• **TO DO**: Set down the final stretch of the data, from the line that holds "Hverir geothermal area" through the last line, both included, with pictures left out.

(Captioned web image data)
========================

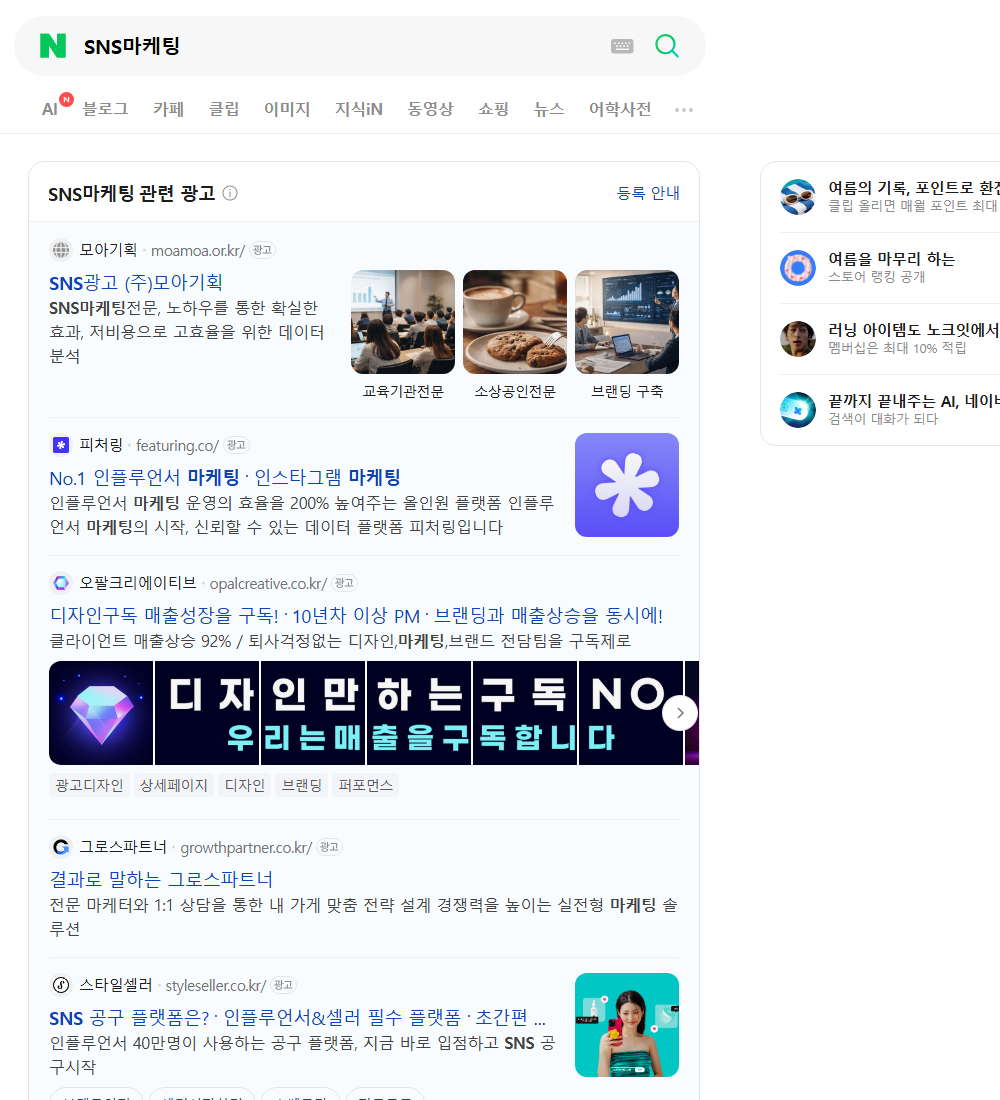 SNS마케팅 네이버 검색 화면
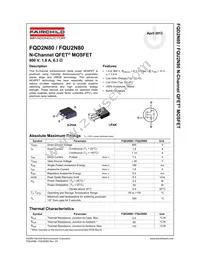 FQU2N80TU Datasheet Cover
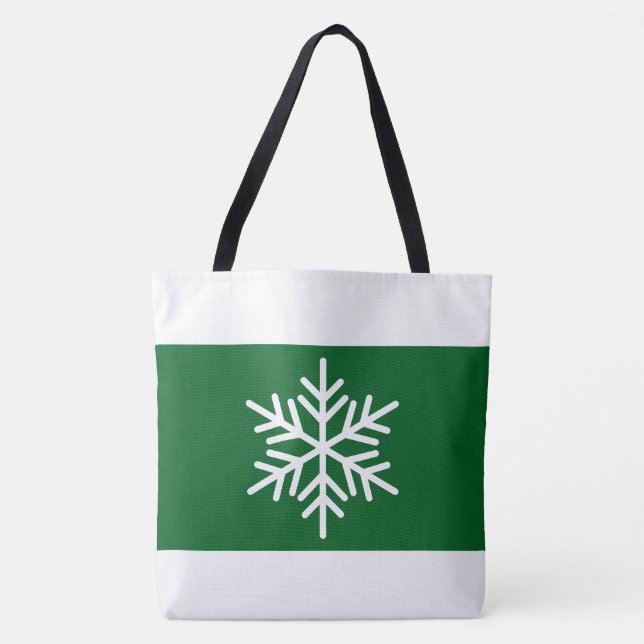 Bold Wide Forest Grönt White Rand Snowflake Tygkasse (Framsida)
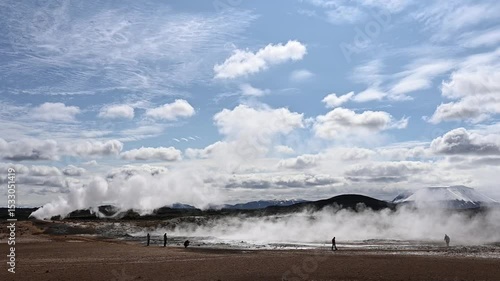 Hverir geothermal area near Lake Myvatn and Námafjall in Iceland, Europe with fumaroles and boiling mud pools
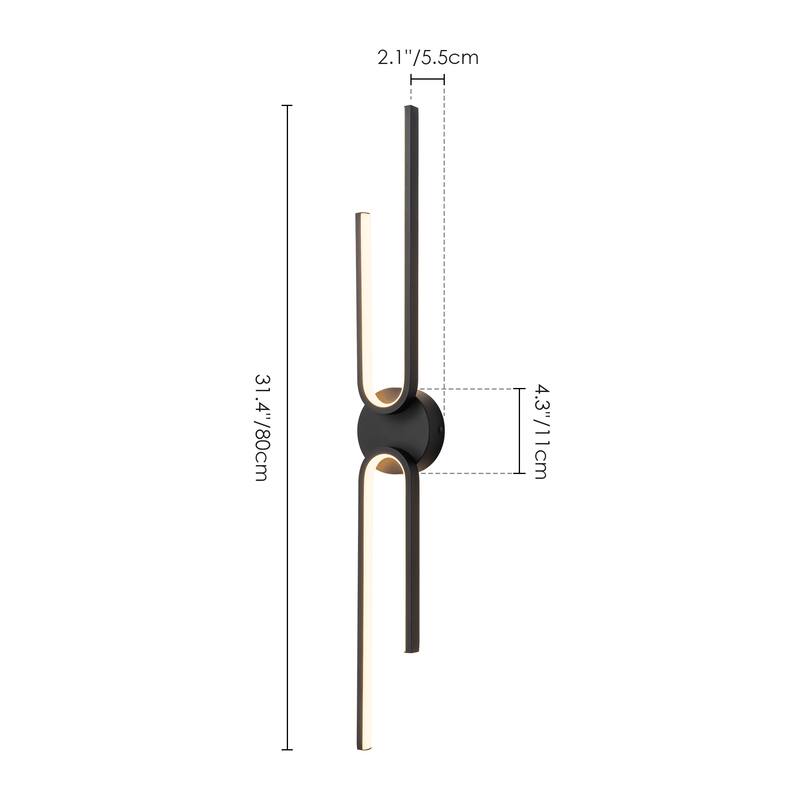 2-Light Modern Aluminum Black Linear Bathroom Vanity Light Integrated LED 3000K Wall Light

========================

• **TASK RESULT**:
 Hverir geothermal area near Lake Myvatn and Námafjall in Iceland, Europe with fumaroles and boiling mud pools
 2-Light Modern Aluminum Black Linear Bathroom Vanity Light Integrated LED 3000K Wall Light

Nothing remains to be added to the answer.